I ordered it yesterday after racking my "Raspberry Beret" to secondary and noticed it had become a raspberry / banana beret.

Thanks for this insight, I love a cheap fix, found it under $20.

Don't want anymore banana batches!!!!! :p
 
Your beer will thank you.

You want the sensor in direct contact with the outside of your carboy so your measuring beer and nothing else.  If you get a piece of Styrofoam packing , hollow out a cavity on one side just the size of your sensor and tape or bungee cord that to your carboy.  You'll need several wraps of painters tape to keep it in place.  Instead of Styrofoam you can use a blob of plumbers putty, but you only get a few uses per blob as it tends to dry out.
 
I hear a lot of brewers say the temp control sensor needs to measure beer temp, not ambient. I'm concerned that if I measure beer temp the temp will continuously fluctuate the full range of the temp controller, which for me is 3 degrees F. I let the sensor measure the air temp. The temperature of the beer will change slower than the air temp, so the beer is "chasing" but never catching up to the air temp and will therefore fluctuate over a smaller range. Tom Hampton says the fluctuation of the liquid will be about half the fluctuation of the ambient air.

Tom says he gets better results measuring beer temps, but he has a much better - more sensitive and more expensive - temperature control system. If I were willing to invest in a system such as Tom uses I'd probably measure beer temp.

I'd recommend considering the temperature range you can control before attaching the temp sensor to the fermenter.

Am I missing something?
 
durrettd said:
I hear a lot of brewers say the temp control sensor needs to measure beer temp, not ambient. I'm concerned that if I measure beer temp the temp will continuously fluctuate the full range of the temp controller, which for me is 3 degrees F. I let the sensor measure the air temp. The temperature of the beer will change slower than the air temp, so the beer is "chasing" but never catching up to the air temp and will therefore fluctuate over a smaller range. Tom Hampton says the fluctuation of the liquid will be about half the fluctuation of the ambient air.

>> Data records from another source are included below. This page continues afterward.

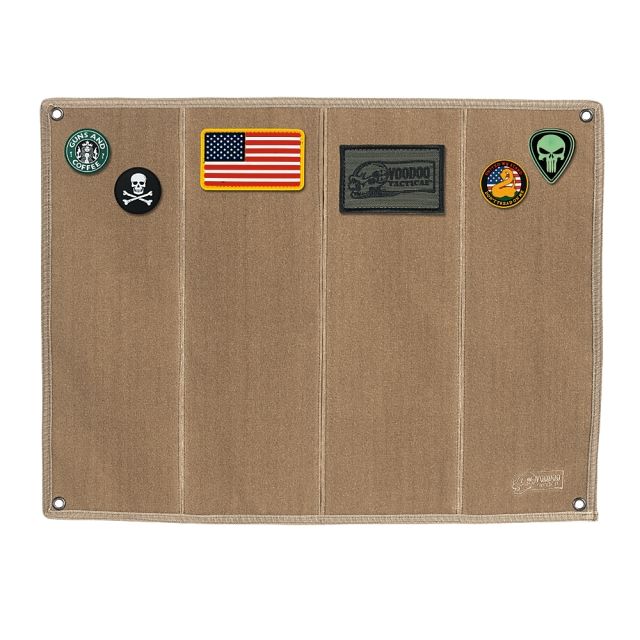 Voodoo Tactical Morale Patch Board w/ Brush Fabric Coyote - Voodoo Tactical
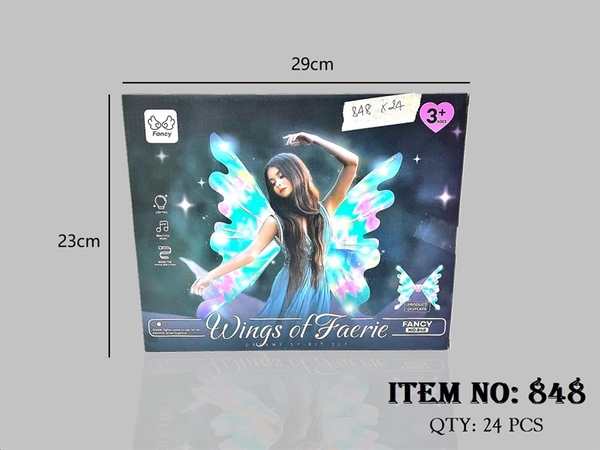 848 HỘP CÁNH BƯỚM THIÊN THẦN PIN NHẠC ĐÈN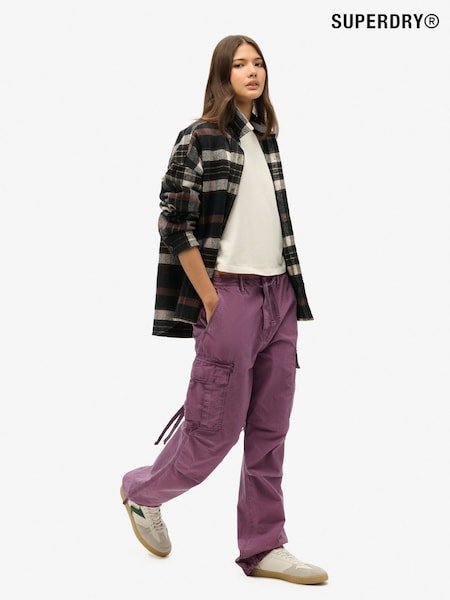 Superdry Berry Conserve Low Rise Para Cargo 100% Cotton Trousers (721091) | £60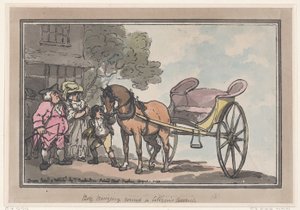 Junge bringt die Kutsche eines Bürgers, 1. August 1787
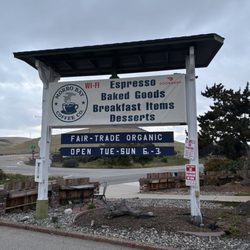 Morro Bay Coffee Co - The Sign Outside of the Store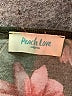 Peach Love Floral Green Black 3/4 Sleeve Blouse Size L - photo 7
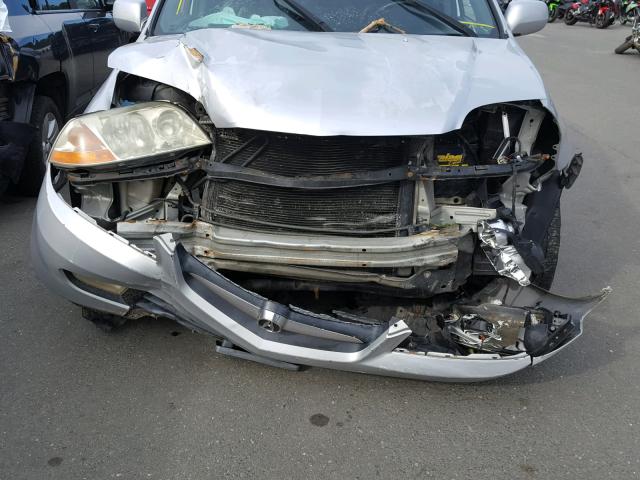 2HNYD18252H540035 - 2002 ACURA MDX SILVER photo 7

Tom says he gets better results measuring beer temps, but he has a much better - more sensitive and more expensive - temperature control system. If I were willing to invest in a system such as Tom uses I'd probably measure beer temp.

I'd recommend considering the temperature range you can control before attaching the temp sensor to the fermenter.

Am I missing something?

Maybe.  Think about it this way.  You open the door to your fermentation chamber and the temperature rises 15F in 30 seconds.  Your beer is still at your desired temperature.  If you're monitoring your beer temperature, your temperature controller won't come on, unless the beer starts to change temp.  If you were monitoring your air temp, your controller will kick the fridge on and start cooling and overworking your fridge.

Also, your beer won't change temperature very rapidly, so your controller won't kick your fridge on and off very often, but only when necessary.  If you're monitoring the air temperature, it will kick on and off way more often, because the air temperature in a fridge swings up and down a lot, even when the door is kept closed.

If you monitor air temperature, you're likely to work your fridge to death, reducing it's life and causing you to replace refrigerators much more often.
 
Fermenting beer is at a higher temp than ambient. Ive seen 10F more.  You are controlling the fermentation temp, not the air temp outside the fermenter or inside your fridge or out side by the pool.  They are all pretty irrelevant.  Toms system is a 20$ controller and a 12$ heating blanket and some reflectix too I think.  And it works.